To reduce the size of Complementary Metal Oxide Semiconductor (CMOS) image sensors, deeply scaled sub-micron CMOS processes are needed. This creates problems, because as the CMOS processes scale to small dimensions, the details of the process integration and structure change, which generally leads to a degradation of pixel performance. Some examples of this degradation relate to shallow trench isolations, and heavily doped retrograde wells. Both are necessary to build deep sub-micron devices, but have adverse effects on dark current for pixels. As a result, much work has been done to re-integrate and re-optimize the photodetector and pixel into new sub-micron CMOS image sensor designs.
Designers face a trade-off with respect to the design and manufacture of sub-micron CMOS devices. On the one hand, not moving to more scaled CMOS processes maintains pixel image quality, but results in relatively large pixels. On the other hand, moving to more scaled CMOS processes produces smaller pixels, but results in low fill factor for these smaller pixels and degradation of image quality. This creates a need to re-integrate and re-design the photodetector to obtain acceptable image quality.

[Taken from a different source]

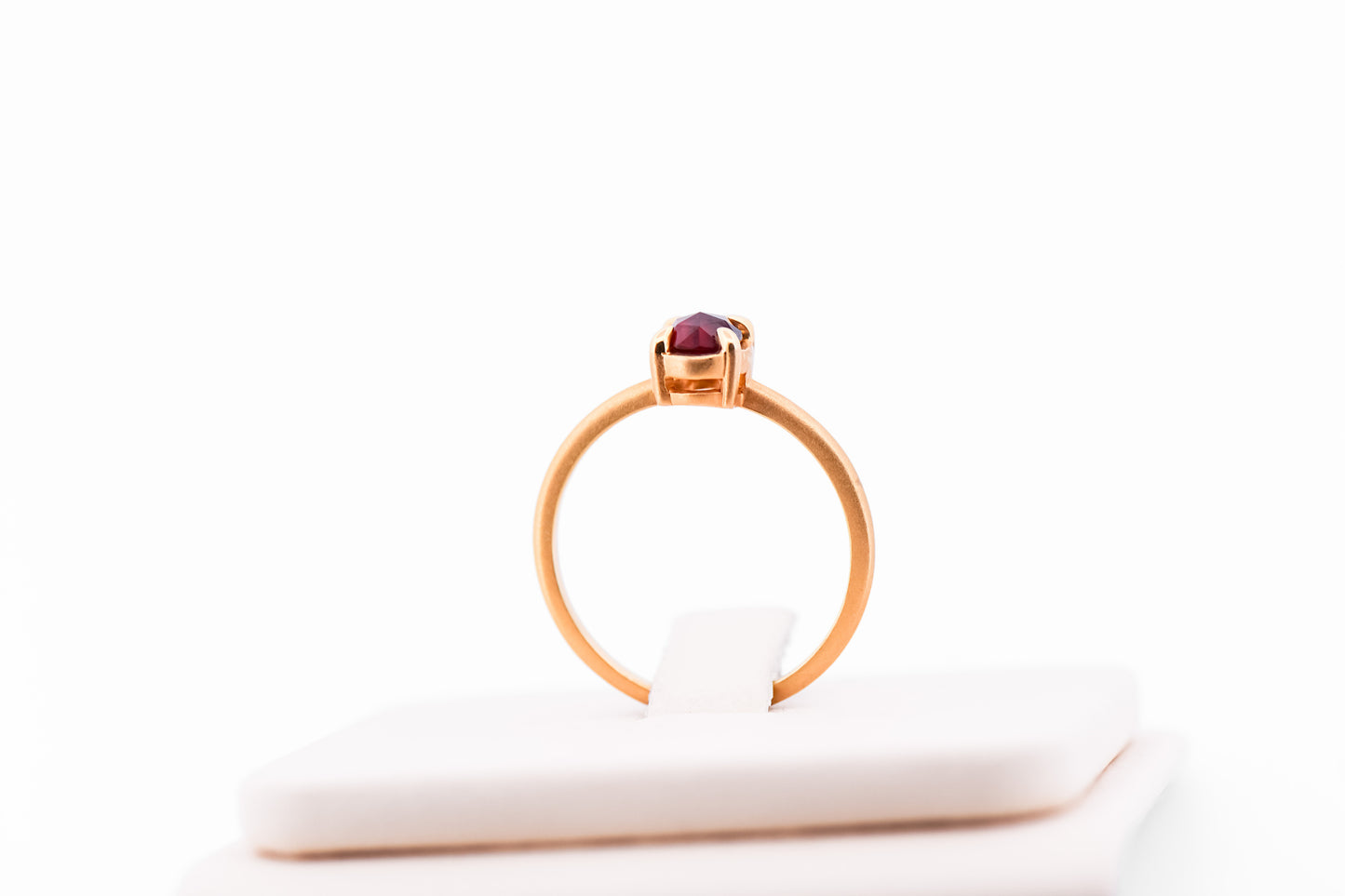 Rose Cut Ruby Solitaire Ring in Textured Yellow Gold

One solution is to build the photodetector separately from the CMOS circuits. The image sensor, for example, can be built on different wafers, and the wafers joined together using three-dimensional integration or wafer-level interconnect technologies. However, image sensor designs that include two different wafers joined together result in an image sensor that has a relatively thick profile with increased complexity, due to the need for inter-wafer connectors between the stacked wafers.